### Directions:
In the records below, find the line that contains "Waving Red Yellow Green Striped Flag on Pole" and the line that contains "Terrassenfliesen Klicksystem 30x30cm, WPC"; write out exactly those two lines and everything between them, without the pictures.

#### Data shown ####

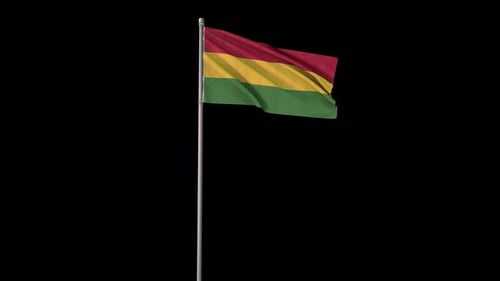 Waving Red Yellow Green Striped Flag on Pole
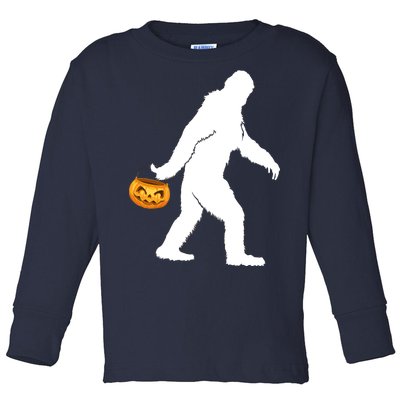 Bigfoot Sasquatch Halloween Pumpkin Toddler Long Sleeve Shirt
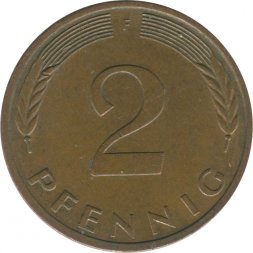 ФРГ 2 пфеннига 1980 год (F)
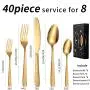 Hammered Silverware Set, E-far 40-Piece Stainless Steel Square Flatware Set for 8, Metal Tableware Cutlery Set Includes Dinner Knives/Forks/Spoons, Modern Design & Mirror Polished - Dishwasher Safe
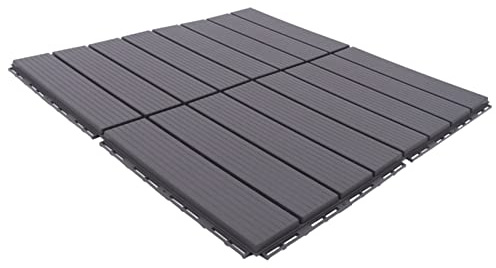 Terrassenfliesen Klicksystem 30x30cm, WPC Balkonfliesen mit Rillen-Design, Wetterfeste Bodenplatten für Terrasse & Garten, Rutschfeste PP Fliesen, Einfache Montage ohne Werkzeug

####
#### Data shown ####

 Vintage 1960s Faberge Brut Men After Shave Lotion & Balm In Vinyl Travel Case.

####

### Answer box:
 Waving Red Yellow Green Striped Flag on Pole
 Bigfoot Sasquatch Halloween Pumpkin Toddler Long Sleeve Shirt
 ФРГ 2 пфеннига 1980 год (F)
 Hammered Silverware Set, E-far 40-Piece Stainless Steel Square Flatware Set for 8, Metal Tableware Cutlery Set Includes Dinner Knives/Forks/Spoons, Modern Design & Mirror Polished - Dishwasher Safe
 Terrassenfliesen Klicksystem 30x30cm, WPC Balkonfliesen mit Rillen-Design, Wetterfeste Bodenplatten für Terrasse & Garten, Rutschfeste PP Fliesen, Einfache Montage ohne Werkzeug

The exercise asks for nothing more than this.